### Work required:
All lines from the one that contains "Vintage Split Croatia" to the end of the data must be retyped exactly. Pictures are not retyped.

### Information:
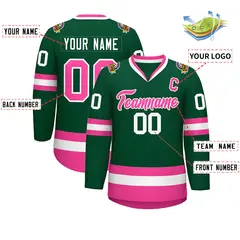 Green Pink-White Classic Style Hockey Jersey 2
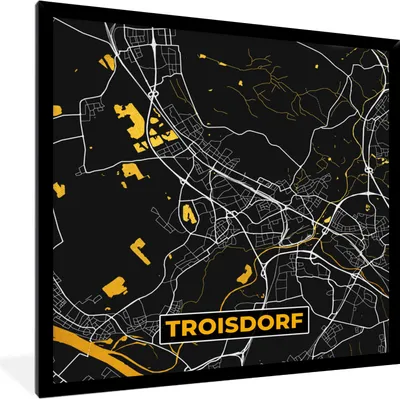 Produktbild von MuchoWow® Gerahmtes Poster Gold - Deutschland - Karte - Troisdorf 40x40 cm - Poster mit Schwarzem Bilderrahmen Wandposter Rahmen Foto Bilder - Mit Rahmen - Wanddekoration Schlafzimmer
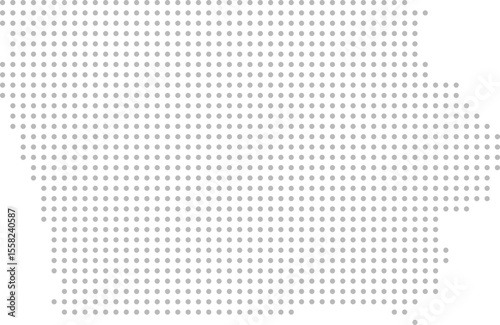 Iowa, United States – circle dot grid vector map (Albers equal area conic projection, PPT-compatible & fully editable)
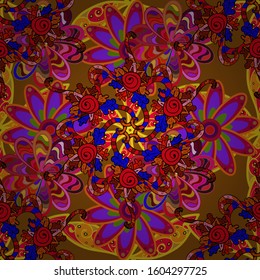 Illustration of floral seamless pattern. Flowers of the valley on orange, brown and red colors.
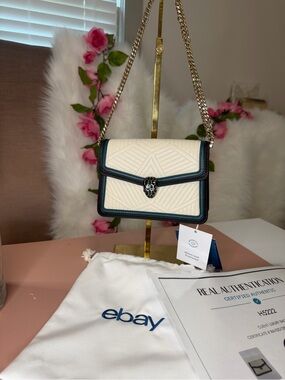 Bvlgari Serpenti Forever Flap Bag Ivory Quilted Leather w/ Teal & Black Trim COA
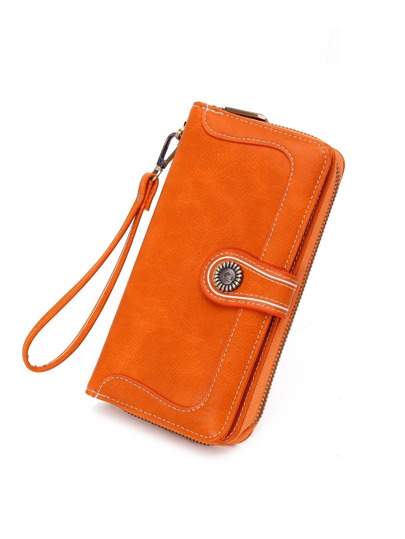 Retro Snap Button Long Wallet With Wristlet, Women's Fashion Artificial Leather Zipper Wallet With Multi Card Slots & Id Window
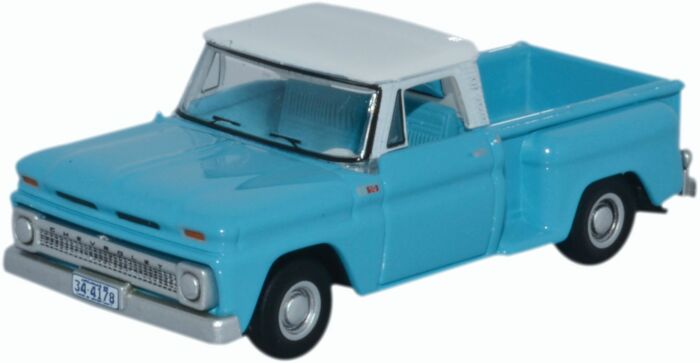 Oxford Diecast 87CP65001 - HO 1965 Chevrolet Stepside Pickup - Light Blue, White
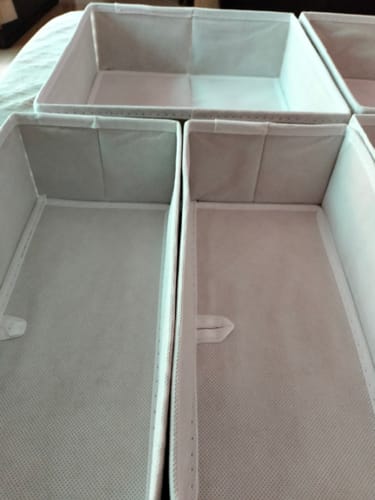 Customer photo review of Qoolish Bundle of 2 -  Drawer Organizers Pack of 4 & Pack of 6  (Available in 5 colours)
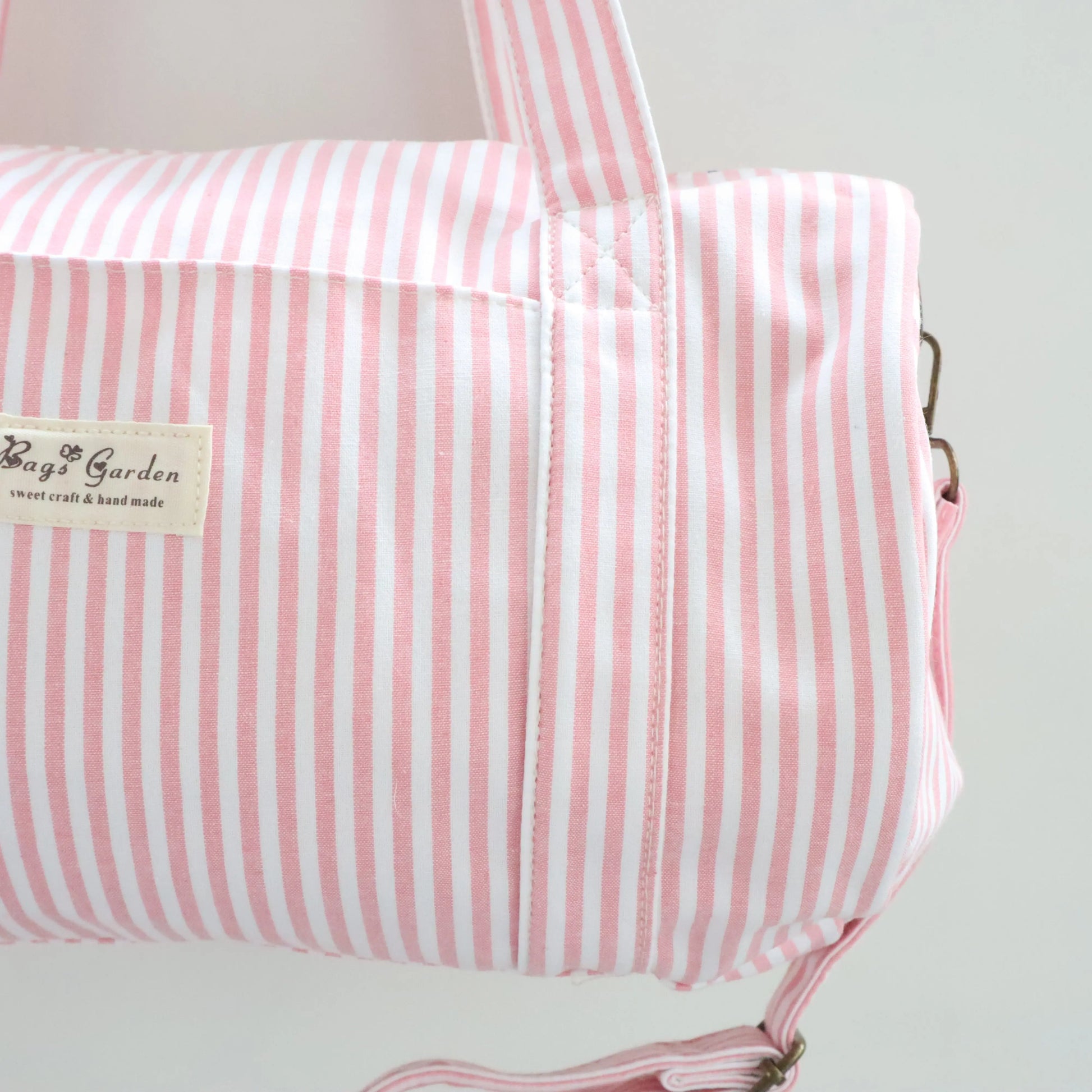 Bags Garden maleta Barrel algodón Raya ancha Rosa Bags Garden Bags Garden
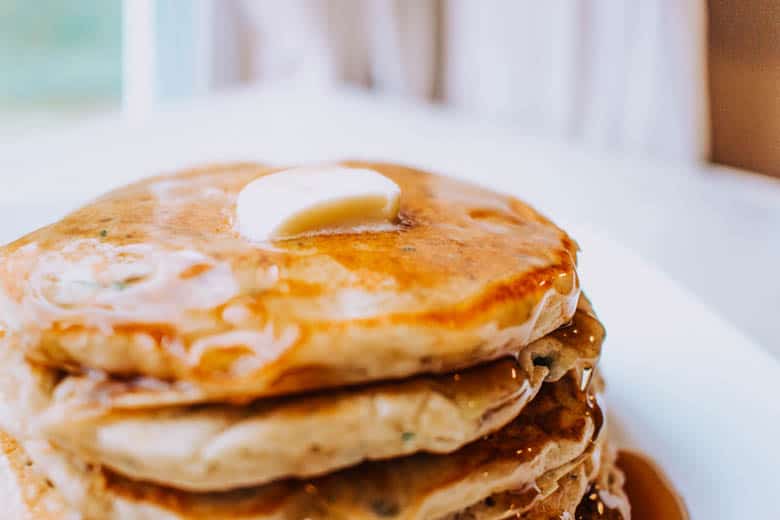 Zucchini pancakes with syrup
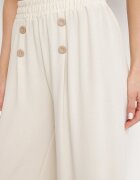 j&x Pantaloni Largi Bej Deschis cu Bumbac cu Talie Înaltă și nasturi Avelritia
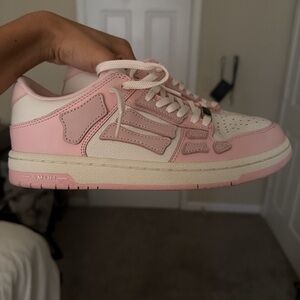 AMIRI Pink and White Leather Low-Top Sneaker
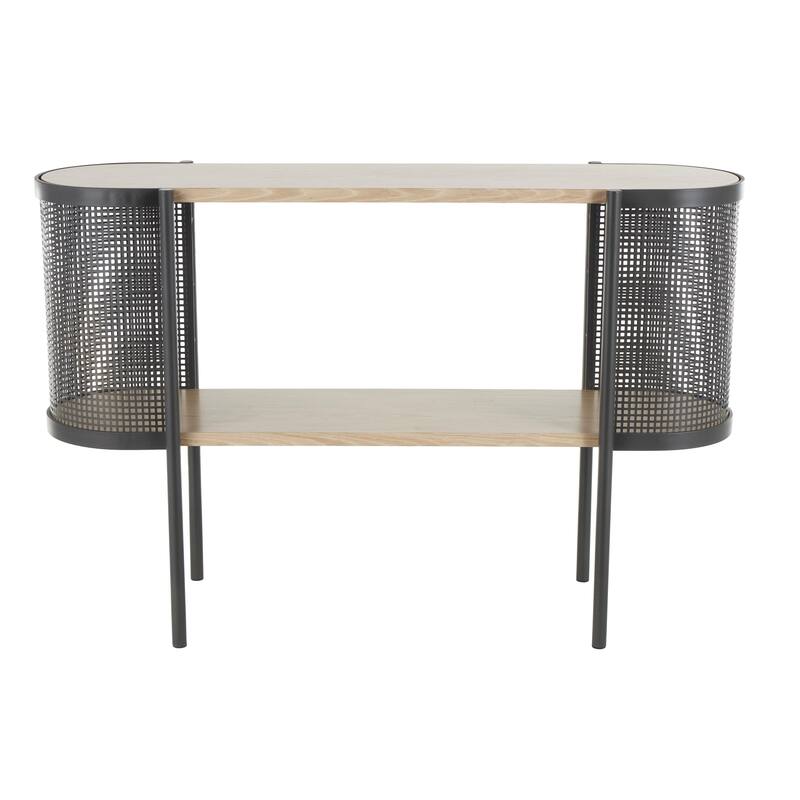 Light Brown Wooden Oval Two-Toned 1 Shelf Living Room Console Table with Mesh Side Panels and Brown Wood Tabletop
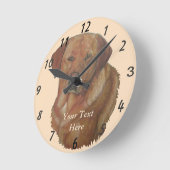 まれで赤い金ラブラドル・レトリーバー犬犬のポートレート ラウンド壁時計 (傾斜)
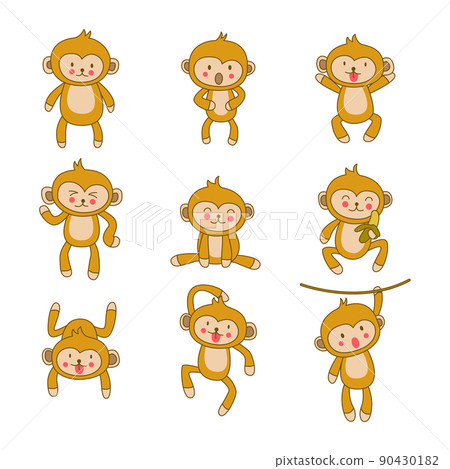 set of cute animal of monkey on cartoon version 90430182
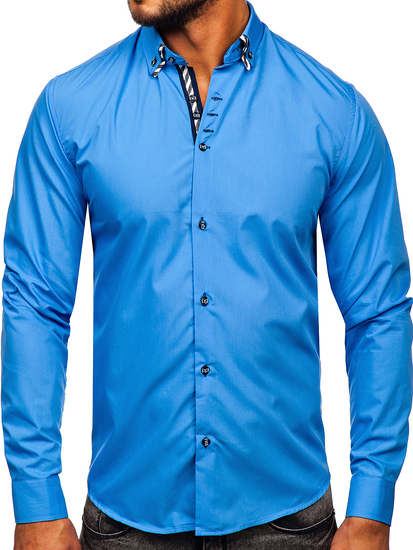 Men's Long Sleeve Shirt Blue Bolf 3762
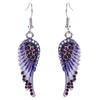 Angel Wing Hook Earrings Austrian Crystal Silver-Tone-Earrings-Innovato Design-Purple-Innovato Design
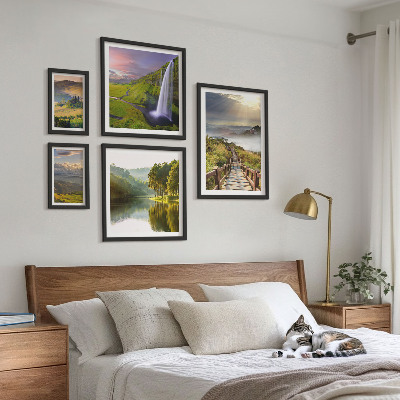 Set slika iznad kauča Krajolici slapovi planine
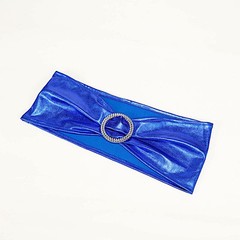 10 Royal Blue Metallic Spandex Chair Sashes Silver Buckles Wedding Decorations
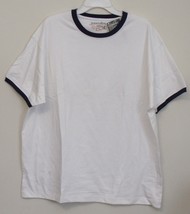 Mens St Johns Bay NWT White Navy Blue Trim Short Sleeve T Shirt Size XXL  - $12.95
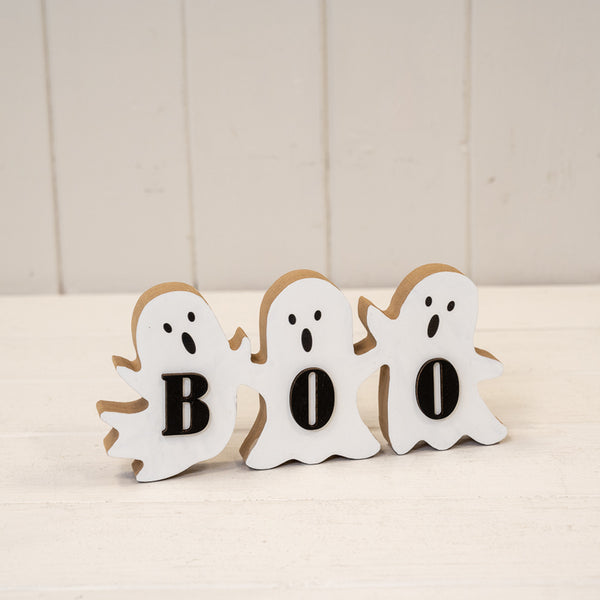 Wooden Triple Ghost 'BOO' Sign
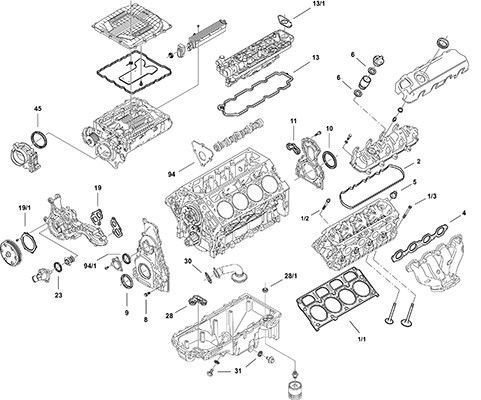 Visas tarpiklių komplektas, variklis ELRING LS Gen V LT4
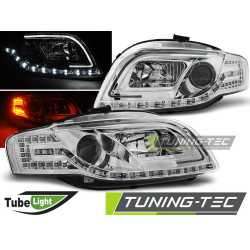 TUNING-TEC faruri (Tube Light) pentru AUDI A4 B7 11.04-03.08 (H7/H1), crom, V2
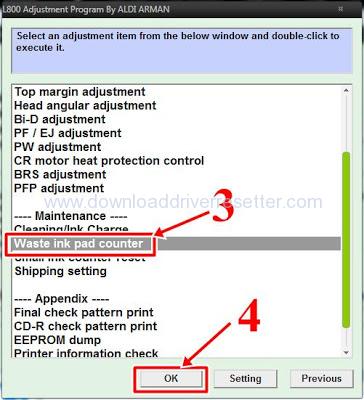 โปรแกรมเคลียร์ซับหมึก Epson Adjustment Resetter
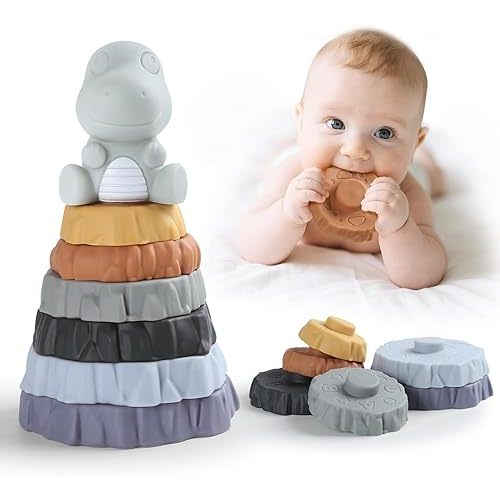 Stacking & Nesting Baby Teething Toy, 7 Pcs Soft Building Rings Stacker Toys with Dinosaur Figure, Newborn Essentials Sensory Learning Toys for 6+ Months Infant Toddler Boys Girls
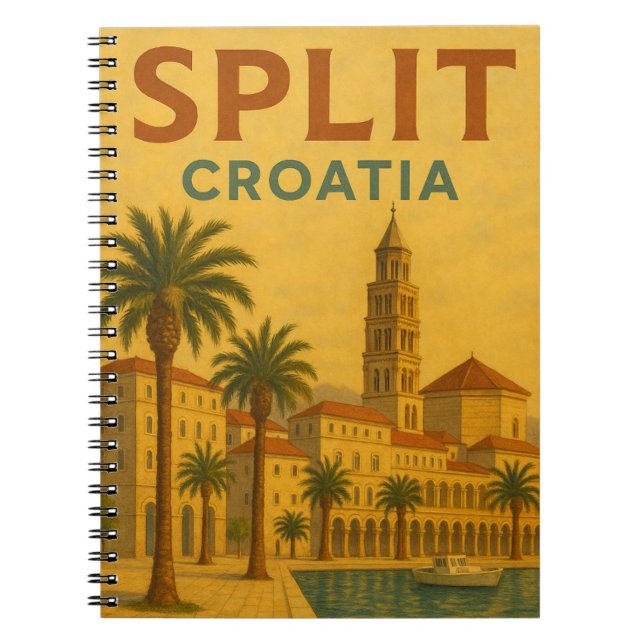 Vintage Split Croatia Dalmatia Travel Notebook (Front)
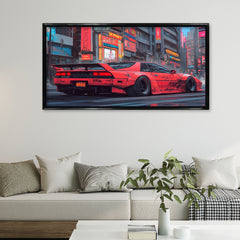 Cyberpunk Red Sports Car premium Canvas Painting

### Response area:
 Vintage Split Croatia Dalmatia Travel Notebook (Front)
 Cyberpunk Red Sports Car premium Canvas Painting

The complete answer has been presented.